I love them for that. I love that no laugh is forced out of pity or obligation. I love that they are willing to laugh at everything and anything, as though existence itself was funny. I love that they know just how funny it is. And it is not because their world is small, but because the world is bigger and grander than it will ever seem again. It’s that the park across the street is as new and enchanting as the wild jungles of Africa. It’s that they’re right. It is, and I love them for reminding me.
I think of the picture she gave me of her and her brother standing in a garden as children, their small, glad faces staring back at me in black and white. They did not know then that he would die far too young, or that her life would be as difficult as it grew to be. They did not know of the wars they’d see in their lifetime, or of their own personal wars they’d fight within themselves. They did not know of death, of the ones they would see, of even the concept itself. Time had not yet begun to play its terrible role in their lives. They were simply what the caption she’d written had said, “two happy children playing in a garden.”
I think then of the card I found a few years ago sorting through old family photos. I had sent it to my parents while away at summer camp in my childhood. The front was a painting of an elderly couple sitting together in a garden. Inside I wrote that this was how I pictured them, my mother and father, their future.
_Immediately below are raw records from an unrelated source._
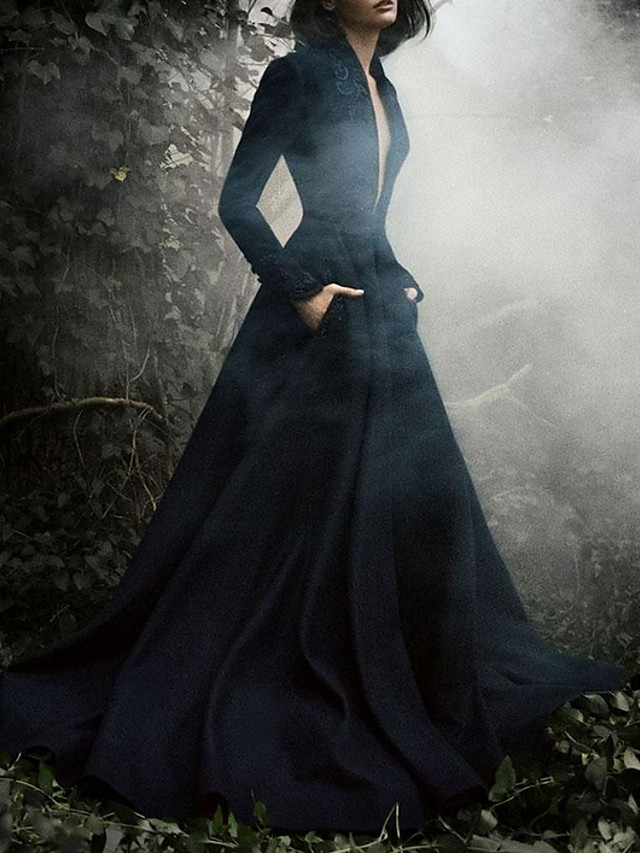 A-line V-neck Long Sleeves Sweep / Brush Train Tulle Bridal Gown With Buttons 2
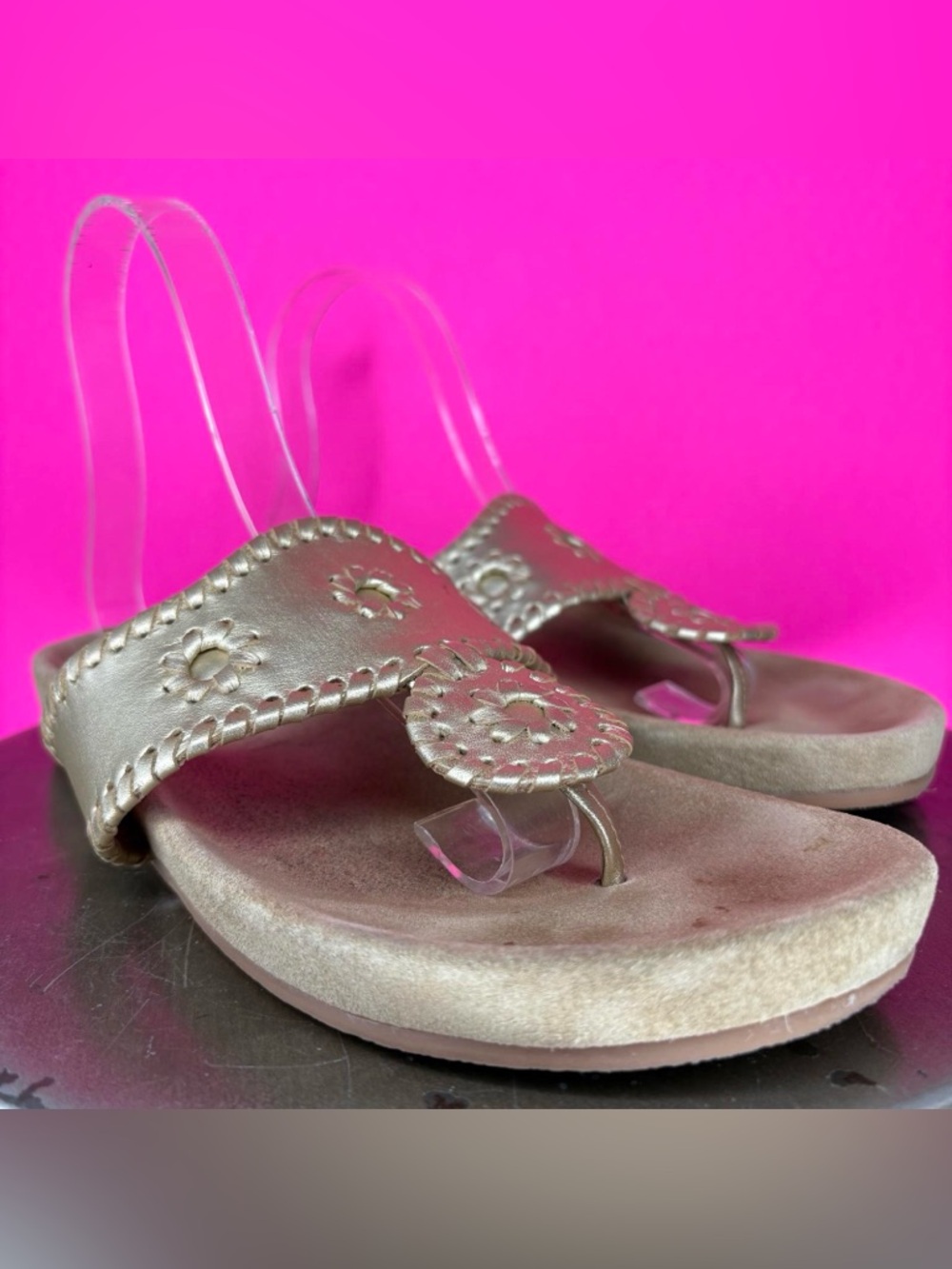 Jack Rogers Jacks Gold Leather Comfort Toe Post Sandal US 8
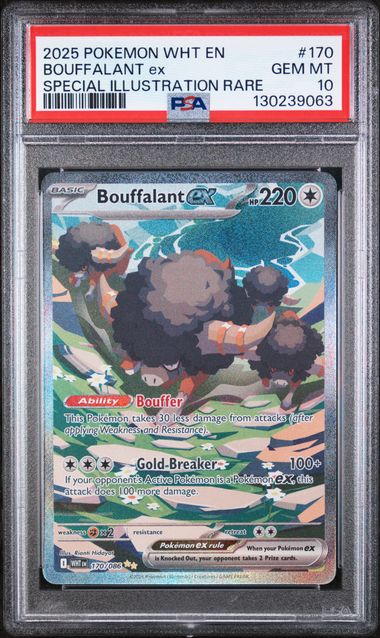 Bouffalant ex - WHITE FLARE - PSA 10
Perhaps I simply liked the idea from that old photograph, of two happy people playing in a garden. Perhaps I really believed it would be them. Because of course, I had no way of knowing then that they were unhappy. I had no way of knowing they would get divorced. I had no way of knowing that I would spend my life trying to find and define and believe in love. I had only this image of unbridled happiness. I had only this dream that children dream, that joy is as simple as two people in a garden.
There are photos of me and my brother that I’ve held next to that original picture my grandmother sent me. They are essentially the same. They are the same photographs being taken of siblings in gardens all over the world in every moment of every day. And I’ve watched, over the years, the progression of the pictures we’ve taken together. I’ve looked closely at the changes; the slight strain of our mouths as we smile and pose, the unfocused distant gaze of our eyes, the way even in a still photograph, you can see our minds are racing about a million other things, a million miles away.
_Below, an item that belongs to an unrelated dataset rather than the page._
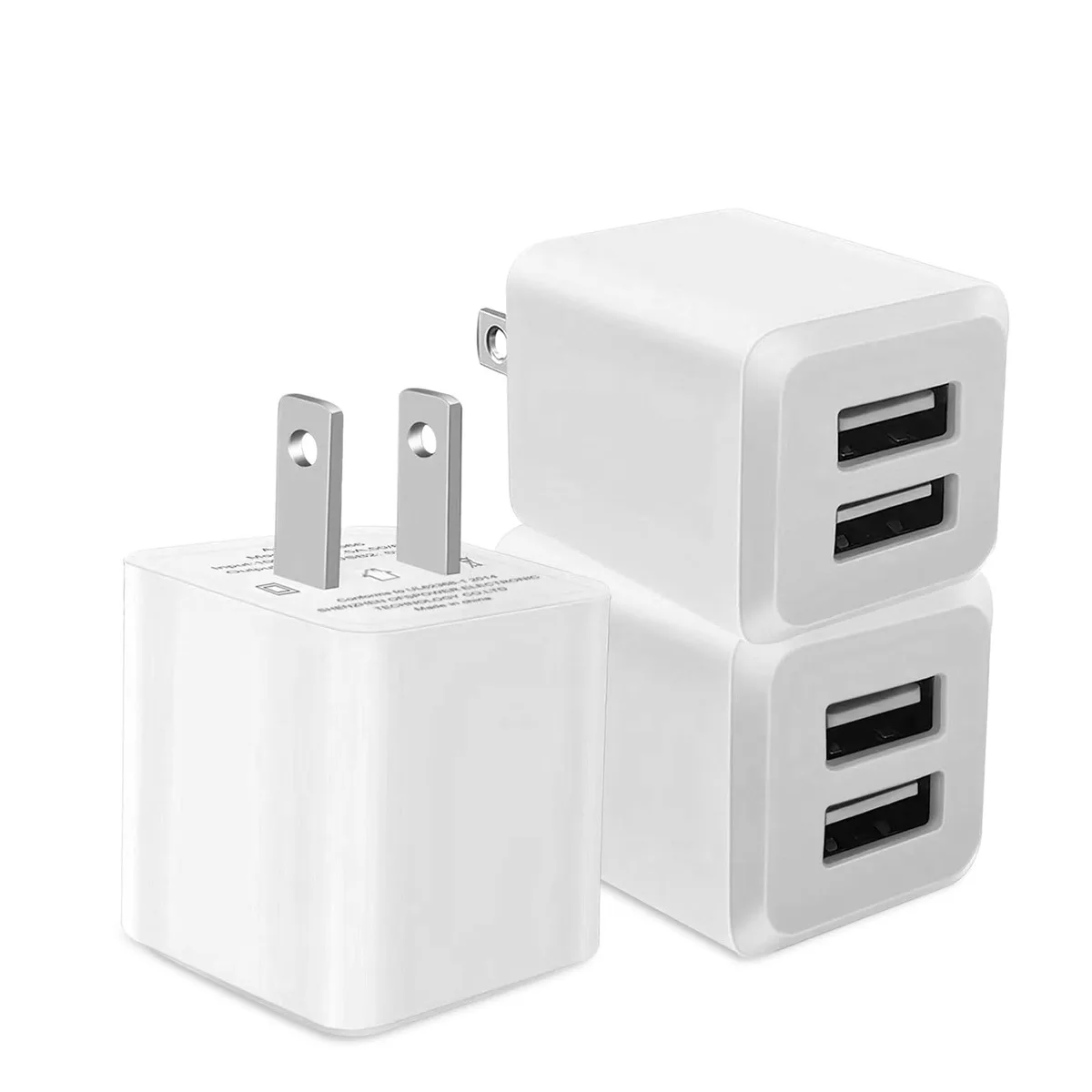 No Sew No Sew OFS-566 dual USB wall charger 5V 2.4A 3-pack white — product photo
Our pictures will never be what they were as children. Nor will our laughs, our ideas, our hearts. Life shows in each of our faces, and we learn, too late, that our innocence meant everything.
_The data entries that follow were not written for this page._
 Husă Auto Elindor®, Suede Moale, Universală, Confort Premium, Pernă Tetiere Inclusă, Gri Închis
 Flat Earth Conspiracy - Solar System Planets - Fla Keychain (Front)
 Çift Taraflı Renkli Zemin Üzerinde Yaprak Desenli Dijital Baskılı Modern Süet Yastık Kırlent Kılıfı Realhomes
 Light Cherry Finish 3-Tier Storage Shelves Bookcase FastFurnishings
It was funny to open my email and find I had a new comment posted from the wonderful Sky, as I’d been thinking about returning to this all week. Without going into too much explanation for my absence, or making promises I may never keep, I’ll just say that for now, I’m going to do my best to return to this and write as often as I can. I do miss it terribly. Welcome back into my life, sweet blog. I’ll try not to dismiss you so easily again.